Hi Vivian,
you're lucky -- there's a method for that! Almost...
>>> t = Tree('(ROOT (S (NP (PRP They)) (VP (VBD said) (SBAR (S (NP (NNP John)) (VP (VBD married) (NP (NNP Marry) (JJ last) (NNS month))))))))')
>>> t.leaves()
['They', 'said', 'John', 'married', 'Marry', 'last', 'month']
>>> t.leaves()[2:5]
['John', 'married', 'Marry']
>>> pos = t.treeposition_spanning_leaves(2,5)
>>> pos
(0, 1, 1, 0)
>>> t[pos]
Tree('S', [Tree('NP', [Tree('NNP', ['John'])]), Tree('VP', [Tree('VBD', ['married']), Tree('NP', [Tree('NNP', ['Marry']), Tree('JJ', ['last']), Tree('NNS', ['month'])])])])
>>> t[pos].leaves()
['John', 'married', 'Marry', 'last', 'month']
So, what .treeposition_spanning_leaves() gives you is the smallest subtree that covers your substring. But it doesn't prune any branches from that subtree, and since "last month" is in that subtree, it's still there.
To prune away "last month", you can take one word at the time, like this:
>>> t.leaves()[4]
'Marry'
>>> t.leaves()[5]
'last'
>>> t.leaf_treeposition(4)
(0, 1, 1, 0, 1, 1, 0, 0)
>>> t.leaf_treeposition(5)
(0, 1, 1, 0, 1, 1, 1, 0)
Find the node position where these two differ, i.e., (0, 1, 1, 0, 1, 1, 1), and remove that node:
>>> print t
(ROOT
(S
(NP (PRP They))
(VP
(VBD said)
(SBAR
(S
(NP (NNP John))
(VP (VBD married) (NP (NNP Marry) (JJ last) (NNS Month))))))))
>>> del t[(0, 1, 1, 0, 1, 1, 1)]
>>> print t
(ROOT
(S
(NP (PRP They))
(VP
(VBD said)
(SBAR
(S
(NP (NNP John))
(VP (VBD married) (NP (NNP Marry) (NNS Month))))))))

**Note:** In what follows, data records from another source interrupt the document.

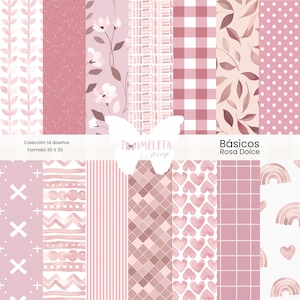 Colección de papeles DIGITAL | ROSA DOLCE| Papeles para Imprimir | Papeles para manualidades | Formato  30 x 30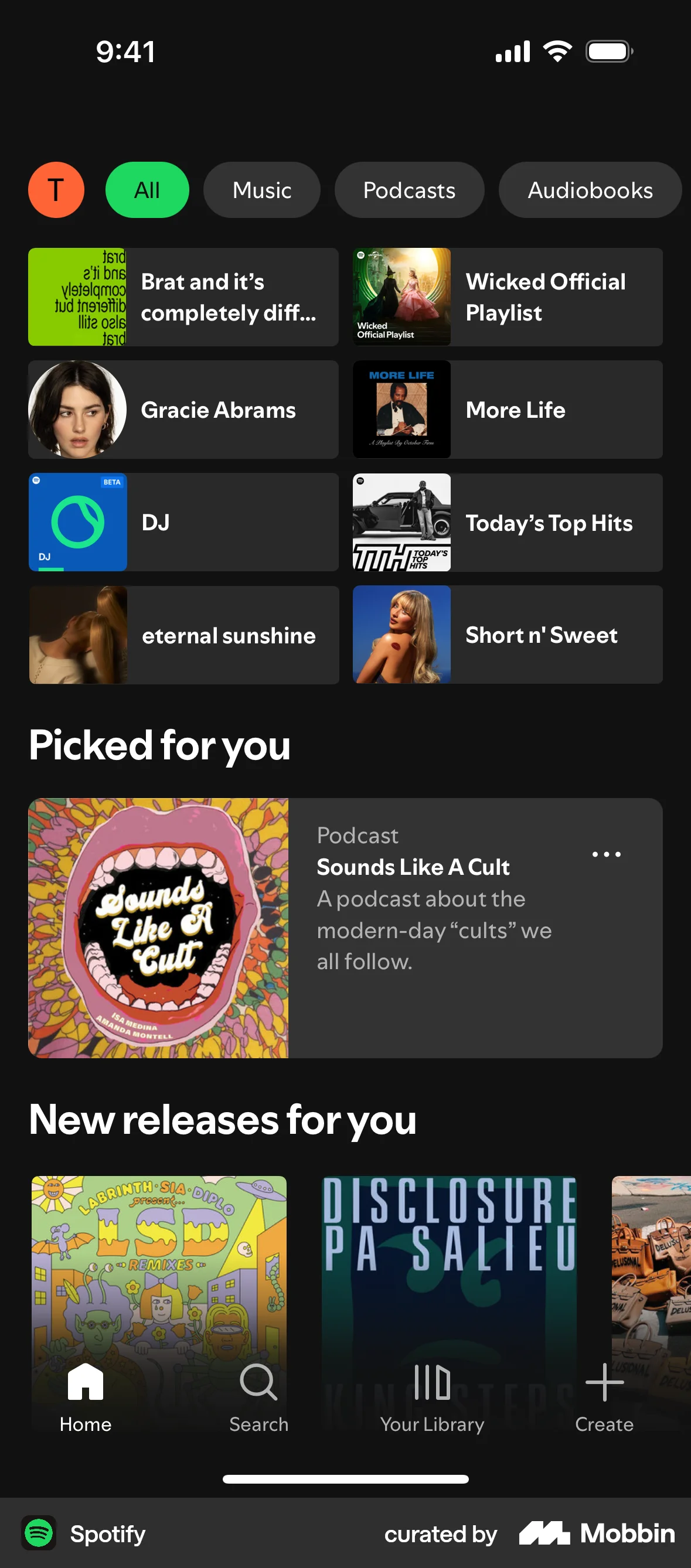 Spotify iOS Home screen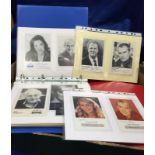 Entertainment autographs, four modern folders containing a large number of promotional cards, colour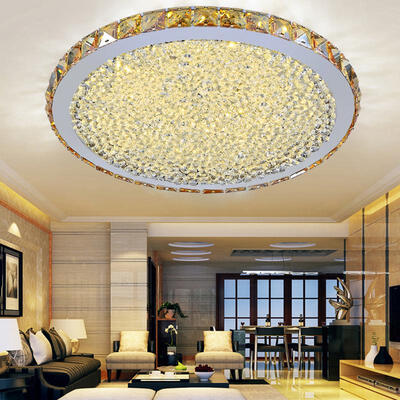 

Modern Simple Creative Style LED Crystal Flush Mount Round Shape for Living Dining Room Bedrooms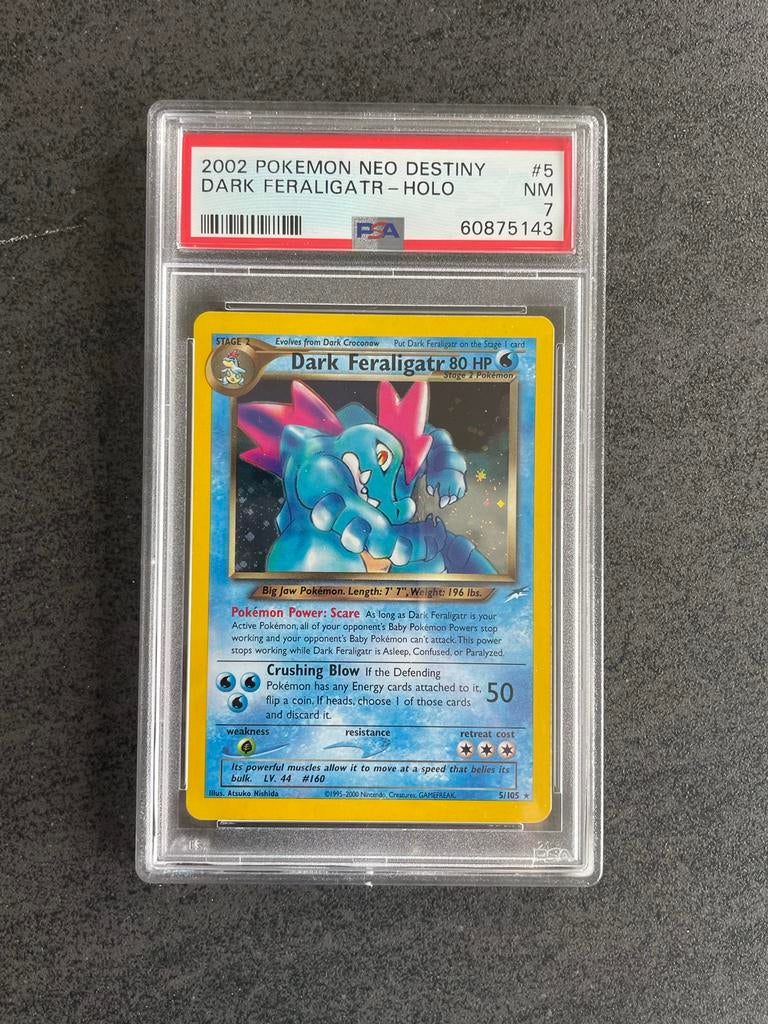 2002 Pokémon Neo Destiny Dark Feraligatr Holo PSA 7, Ophalen of Verzenden, Zo goed als nieuw, Losse kaart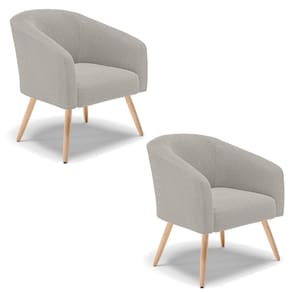Poltrona Decorativa Pé Palito Natural Kit 2 Stella Bouclê Cinza D03 - D`Rossi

Repeat until the tree is pruned. When doing this on the left side, the index of your substring decreases every time you remove a node. You can solve this by counting from the right instead. I.e.:
>>> t.leaves()[-5]
'said'
>>> t.leaves()[-4]
'John'
>>> t.leaf_treeposition(len(t.leaves())-5)
(0, 1, 0, 0)
>>> t[0, 1, 0, 0]
'said'
>>> t.leaf_treeposition(len(t.leaves())-4)
(0, 1, 1, 0, 0, 0, 0)
>>> t[0, 1, 1, 0, 0, 0, 0]
'John'
Best is probably to start with .treeposition_spanning_leaves() to get the minimal subtree and then start pruning that one. Also, note that NLTK trees are mutable, which means that when you remove nodes, the original tree is also affected. If you don't want that you should use t.copy(deep=True) before you start pruning.
Good luck!
/Peter